El caso de las tarjetas “black” de Caja Madrid ya es historia pasada y pronto constituirá apenas un mal recuerdo. Pero el pueblo soberano haría bien en tenerlo presente mucho tiempo, con objeto de impedir que los políticos incurran nunca más en el expolio de las instituciones de ahorro.

El mentado episodio se saldó con penas máximas de hasta 4 años y medio de cárcel para algunos acusados. Solo 4 de los 15 condenados a prisión siguen en ella. Los otros 11 lograron este verano acceder al régimen de semilibertad y ya acuden al penal a dormir de lunes a jueves.

Estos 11 privilegiados son cinco consejeros de Caja Madrid nombrados a propuesta del PSOE, cuatro en representación de los sindicatos UGT y CCOO y dos por PP e Izquierda Unida.

Al día de hoy siguen entre rejas el exvicepresidente del Gobierno Rodrigo Rato, el exsecretario de Estado de Hacienda Estanislao Rodríguez-Ponga, del PP, más José Antonio Moral Santín y Francisco Barquero, designados por Izquierda Unida y CCOO.

El que peor lo tiene es el antaño todopoderoso mandamás económico Rodrigo Rato. Al margen de este asunto, desde diciembre se le juzga por la salida a bolsa de Bankia, que significó una tomadura de pelo en toda regla a los inversores. La fiscalía le pide 5 años de cárcel. Adicionalmente, en breve comenzará otro juicio contra él por el cobro de comisiones relacionadas con unos contratos publicitarios que Caja Madrid firmó cuando Rato era su presidente.

El asunto de las tarjetas black acarreó a la entidad un gasto de 15 millones entre 2003 y 2012 repartidos entre un centenar de desaprensivos que integraron, en uno u otro momento, los órganos de gobierno de la gran caja capitalina.

Semejante suma es una ínfima gota en el inmenso océano de las ayudas por valor de 23.000 millones que hubieron de inyectarse a la firma para evitar su quiebra.

Sin embargo, el escándalo de marras se recordará con toda probabilidad como uno de los máximos exponentes del latrocinio generalizado que un turba de políticos de toda laya y color perpetraron en las antaño muy sólidas y pujantes cajas de ahorros.

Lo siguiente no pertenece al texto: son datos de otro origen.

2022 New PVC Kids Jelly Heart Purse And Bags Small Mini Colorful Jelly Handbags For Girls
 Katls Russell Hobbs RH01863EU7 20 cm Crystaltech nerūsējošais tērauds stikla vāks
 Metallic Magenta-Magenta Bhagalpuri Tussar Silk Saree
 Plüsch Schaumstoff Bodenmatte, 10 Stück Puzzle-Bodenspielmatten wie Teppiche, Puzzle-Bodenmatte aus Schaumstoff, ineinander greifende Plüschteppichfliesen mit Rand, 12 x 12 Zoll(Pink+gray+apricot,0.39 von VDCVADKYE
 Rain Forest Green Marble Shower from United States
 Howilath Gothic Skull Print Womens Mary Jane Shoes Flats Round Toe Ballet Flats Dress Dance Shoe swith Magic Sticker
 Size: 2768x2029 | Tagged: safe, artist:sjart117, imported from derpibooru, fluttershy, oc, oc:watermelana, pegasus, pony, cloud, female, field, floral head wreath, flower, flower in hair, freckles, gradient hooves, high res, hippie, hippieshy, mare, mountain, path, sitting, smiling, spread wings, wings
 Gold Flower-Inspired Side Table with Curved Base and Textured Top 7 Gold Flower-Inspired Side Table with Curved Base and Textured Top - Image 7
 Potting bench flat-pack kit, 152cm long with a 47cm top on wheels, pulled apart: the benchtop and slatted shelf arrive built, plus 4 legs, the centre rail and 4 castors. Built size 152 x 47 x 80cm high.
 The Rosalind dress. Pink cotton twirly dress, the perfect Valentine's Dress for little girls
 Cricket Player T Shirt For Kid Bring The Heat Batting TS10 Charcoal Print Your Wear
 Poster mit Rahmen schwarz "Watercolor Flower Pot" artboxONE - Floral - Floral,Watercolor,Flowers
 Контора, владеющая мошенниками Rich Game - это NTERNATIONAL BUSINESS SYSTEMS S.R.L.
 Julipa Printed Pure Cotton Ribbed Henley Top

Es de recordar que el consejo de administración de Caja Madrid formaba un totum revolutum incestuoso, una especie de organización vertical, donde mangoneaban a discreción PP, PSOE, Izquierda Unida, las organizaciones obreras UGT y CCOO, amén de las patronales CEOE y CEIM. Para que ningún flanco quedara sin cubrir, el sanedrín contaba en sus filas hasta con Rafael Spottorno, exjefe de la Casa Real.

En resumidas cuentas, todo bicho viviente trincó con descaro y gozó de la protección de las formaciones políticas que les servían de amparo. Por tal motivo, éstas les dieron su protección y, al destaparse el embrollo, miraron púdicamente hacia otro lado, se hicieron el sueco y se lavaron las manos como Pilatos.

Los señores consejeros se fundieron los 15 millones reseñados en todo tipo de dispendios, incluidos viajes, hoteles, grandes almacenes, restaurantes, zapaterías, peleterías, tiendas de muebles, floristerías, y hasta “masajes filipinos”, que vaya usted a saber qué demonios es eso, aunque suena bastante mal.

Alguno de ellos, en el colmo de la desfachatez, continuó utilizando el plástico VIP incluso después de haber cesado en el cargo.

El festival de abusos, robo, despilfarro y malversación se saldó con penas máximas de cuatro años y medio de cárcel. Ya solo quedan entre rejas cuatro de los casi cien condenados. Y no falta mucho para que, Rodrigo Rato al margen, el resto acabe saliendo a la calle.

Pero la bacanal de dinero rápido y el modelo putrefacto de gestión fulminaron para simpre la reputación y honorabilidad de esa pléyade de espabilados, que quedó manchada de por vida.

El capitalismo de amiguetes que encarnan las tarjetas black es quizás la expresión más desvergonzada de la merienda de africanos en que se convirtió Caja Madrid.

A la vez, el saqueo orquestado en las cajas por los políticos corrió paralelo con el de algunos ejecutivos de las propias cajas, con su festival de fondos de pensiones, indemnizaciones escandalosas y créditos fraudulentos. Entre unos otros consumaron uno de los mayores atracos –si no el mayor– que se han cargado nunca a las espaldas de los contribuyentes españoles.

En mi opinión, una lección cardinal se desprende de lo sucedido. Es esta: nunca más debería tolerarse que los cabecillas de los partidos políticos vuelvan a poner su mano pecadora a gestionar entidades financieras.